Feb 15, 2024

Nebraska students take fight against ‘period poverty’ to Legislature

Posted Feb 15, 2024 9:00 PM
Lincoln East High School senior Cassidy Bell, center, is immediately flanked by State Sen. Danielle Conrad and her legislative aide Julia Holmquist after a hearing for a bill to require K-12 Nebraska schools to provide free menstrual products to students. The trio is flanked by Nebraska women and girls who showed up in support on Monday, Feb. 12, 2024, in Lincoln. (Zach Wendling/Nebraska Examiner)
Lincoln East High School senior Cassidy Bell, center, is immediately flanked by State Sen. Danielle Conrad and her legislative aide Julia Holmquist after a hearing for a bill to require K-12 Nebraska schools to provide free menstrual products to students. The trio is flanked by Nebraska women and girls who showed up in support on Monday, Feb. 12, 2024, in Lincoln. (Zach Wendling/Nebraska Examiner)

LINCOLN — For a young middle schooler, a major challenge one day was a history test she had stayed up late studying for, confident she was “going to crush it.”

But as her teacher was passing out the test, the girl felt a “telltale wetness in her underwear”: Her menstrual period had begun.

She knew she couldn’t pull out a crinkly pad in the “dead quiet classroom” or sit bleeding. She could pull her sweatshirt down to cover her pants and walk stiffly to the front of the room to ask to use the restroom. Once there, she could either hope a friend could help or try to go to the nurse.

“But by that time, she’s going to have to go home because her pants are ruined, so goodbye history test,” Lincoln East High School senior Cassidy Bell told the Education Committee on Monday.

“That girl was me, and that girl was just about every woman in this room,” Cassidy continued. “That girl is a lot of girls in Nebraska right now.”

‘Our dignity and our humanity’

In part because of Cassidy’s advocacy, menstrual products are available in all of Lincoln Public Schools’ middle and high schools, after such a program began earlier at Lincoln East.

State Sen. Danielle Conrad of Lincoln introduced Legislative Bill 1050 to require school districts to provide menstrual products in girls’ bathrooms or locker rooms by the 2025-26 school year.

The bill does not include an appropriation, but the Nebraska Department of Education, which would be required to supply products, estimates an annual cost of $750,000 for the approximately 84,000 female students in grades 6-12 in public schools.

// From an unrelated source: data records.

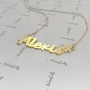 Name Necklace with Flower and Diamonds in 18k Yellow Gold Plated Silver - "Alexis" - 2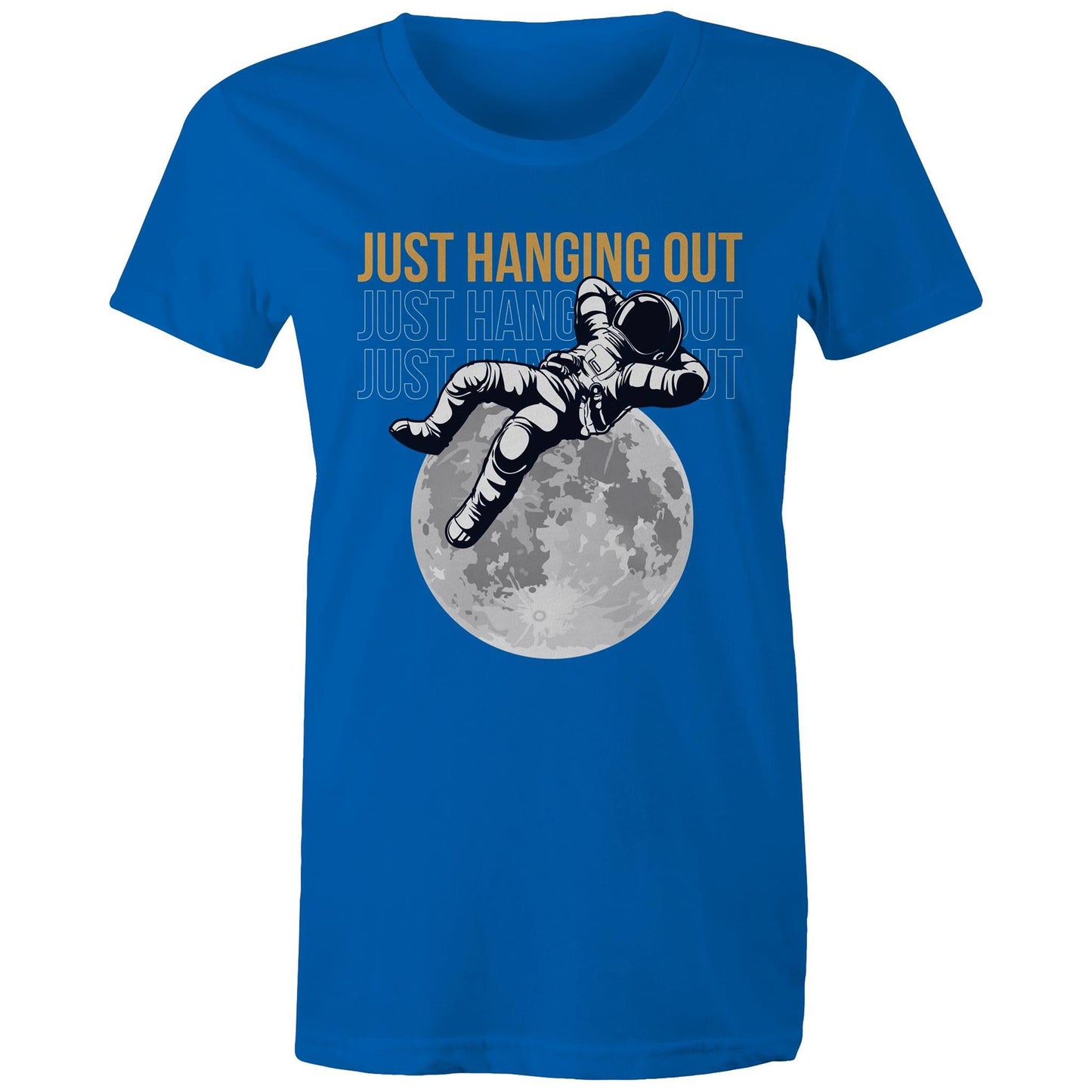 Just Hanging Out - Womens T-shirt Bright Royal Womens T-shirt Space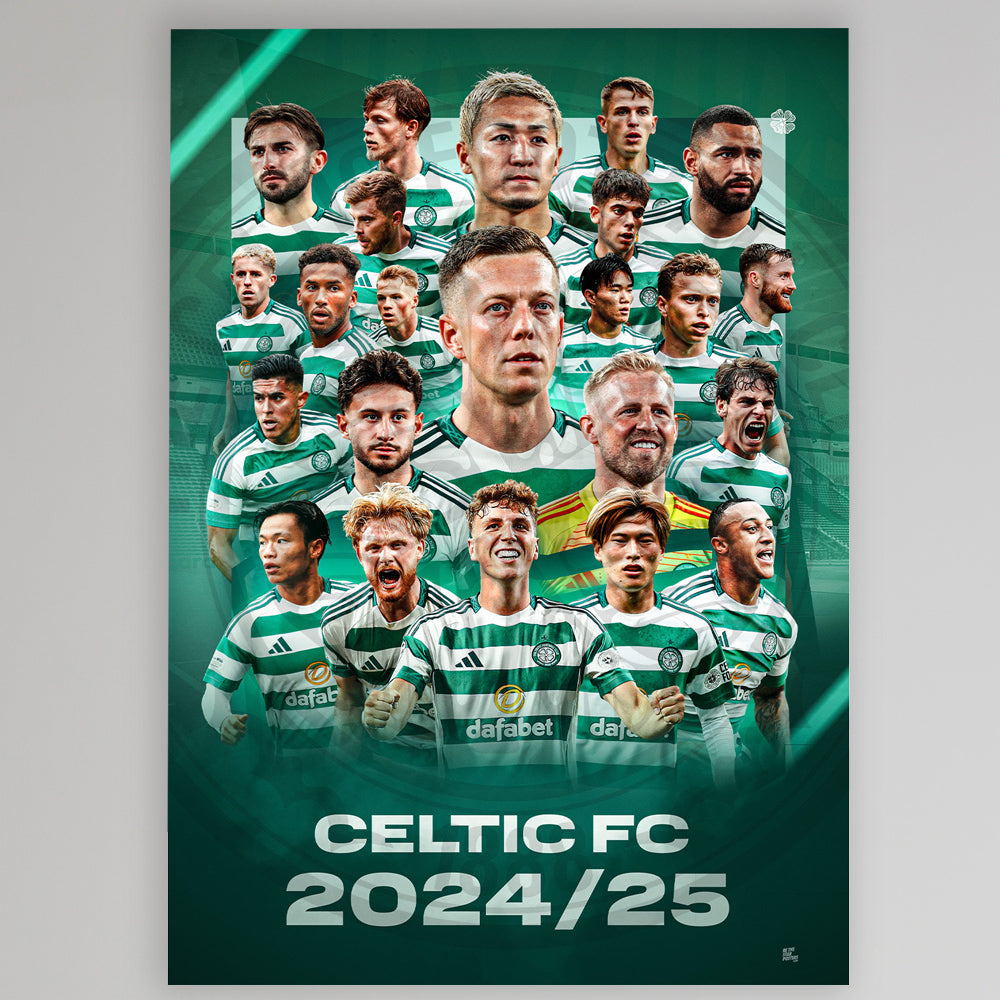 Celtic 2024/25 Men's First Team Montage Poster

An extra $123,000 would go toward operating expenses and hiring an additional staff member.

The Legislature has previously removed a sales tax on menstrual supplies and provided period products to incarcerated women and girls, which Conrad described as first steps.

“It goes of course to our dignity and our humanity,” Conrad told the Education Committee.

‘Insurmountable task’

Alyssa Capek, an eighth grader at Crete Middle School, said it can be “traumatic and embarrassing” for girls when their period starts and they’re 11 years old with no products. 

At Crete, Alyssa added, students are not allowed to carry backpacks between classes, and students don’t want to risk getting in trouble for stopping at their locker on a bathroom pass.

Archita Raj of Elkhorn South High School said regardless of income, female students struggle with this issue, and “all understand the feeling of panic when we forget a tampon and how distracting that can be to our learning.”

Cassidy described talking with a woman who had been in the first graduating class of Lincoln East, which opened in 1967, and feeling frustrated as the woman said she tried a similar project decades ago. 

Equity, Cassidy testified, requires acknowledging that some barriers are created by one’s body and “treating girls’ bodies as female, menses and all.”

“Once female students hit puberty, we’re given this insurmountable task of being our own nurses and our own janitors,” Cassidy said. “And because we don’t talk about it, we girls never say to each other, ‘Maybe it doesn’t have to be like this.’”

The Nebraska State Education Association, Nebraska Association of School Boards, ACLU of Nebraska and Lincoln and Grand Island Public Schools representatives also testified in support.

No one testified in opposition. The committee took no immediate action.